• TASK PROMPT:
Each line below with the word "Machine" needs to be copied.

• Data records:
Segment Open
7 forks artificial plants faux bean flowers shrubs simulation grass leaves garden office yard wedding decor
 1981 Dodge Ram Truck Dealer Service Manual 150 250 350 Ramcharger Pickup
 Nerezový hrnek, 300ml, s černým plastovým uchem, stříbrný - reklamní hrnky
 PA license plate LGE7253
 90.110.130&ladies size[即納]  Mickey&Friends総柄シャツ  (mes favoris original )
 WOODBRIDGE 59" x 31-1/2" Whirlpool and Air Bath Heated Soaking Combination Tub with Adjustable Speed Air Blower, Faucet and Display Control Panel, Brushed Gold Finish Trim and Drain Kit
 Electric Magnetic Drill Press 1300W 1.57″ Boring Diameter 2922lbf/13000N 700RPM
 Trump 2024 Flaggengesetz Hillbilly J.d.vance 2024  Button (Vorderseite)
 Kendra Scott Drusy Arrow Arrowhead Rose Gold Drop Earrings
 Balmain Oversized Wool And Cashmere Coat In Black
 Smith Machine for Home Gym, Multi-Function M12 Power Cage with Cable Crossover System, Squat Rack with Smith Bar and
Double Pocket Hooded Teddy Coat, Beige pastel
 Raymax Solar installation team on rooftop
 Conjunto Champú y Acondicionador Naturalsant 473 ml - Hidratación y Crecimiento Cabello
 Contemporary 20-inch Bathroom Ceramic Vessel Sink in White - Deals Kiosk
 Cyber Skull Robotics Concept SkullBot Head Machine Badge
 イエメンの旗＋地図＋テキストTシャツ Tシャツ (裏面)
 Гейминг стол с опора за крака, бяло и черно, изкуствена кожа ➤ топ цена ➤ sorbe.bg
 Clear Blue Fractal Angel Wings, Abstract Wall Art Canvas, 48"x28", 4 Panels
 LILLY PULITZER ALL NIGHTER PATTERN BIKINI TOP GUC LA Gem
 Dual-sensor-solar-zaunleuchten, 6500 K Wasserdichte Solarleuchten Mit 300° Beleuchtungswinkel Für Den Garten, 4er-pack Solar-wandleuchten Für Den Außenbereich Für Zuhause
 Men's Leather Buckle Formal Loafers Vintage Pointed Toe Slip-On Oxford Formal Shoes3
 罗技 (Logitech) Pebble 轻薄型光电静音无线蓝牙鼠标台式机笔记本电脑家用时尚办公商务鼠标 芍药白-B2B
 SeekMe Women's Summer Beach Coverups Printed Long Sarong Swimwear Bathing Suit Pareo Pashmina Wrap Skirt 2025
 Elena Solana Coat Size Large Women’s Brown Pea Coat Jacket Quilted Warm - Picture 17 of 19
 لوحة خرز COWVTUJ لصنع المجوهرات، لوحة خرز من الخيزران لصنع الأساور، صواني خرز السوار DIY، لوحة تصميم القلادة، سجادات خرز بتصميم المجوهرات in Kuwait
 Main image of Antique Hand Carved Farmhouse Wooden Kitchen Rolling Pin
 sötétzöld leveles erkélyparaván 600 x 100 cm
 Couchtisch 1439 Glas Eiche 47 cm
Segment Closed
• RESPONSE BELOW:
 Smith Machine for Home Gym, Multi-Function M12 Power Cage with Cable Crossover System, Squat Rack with Smith Bar and
 Cyber Skull Robotics Concept SkullBot Head Machine Badge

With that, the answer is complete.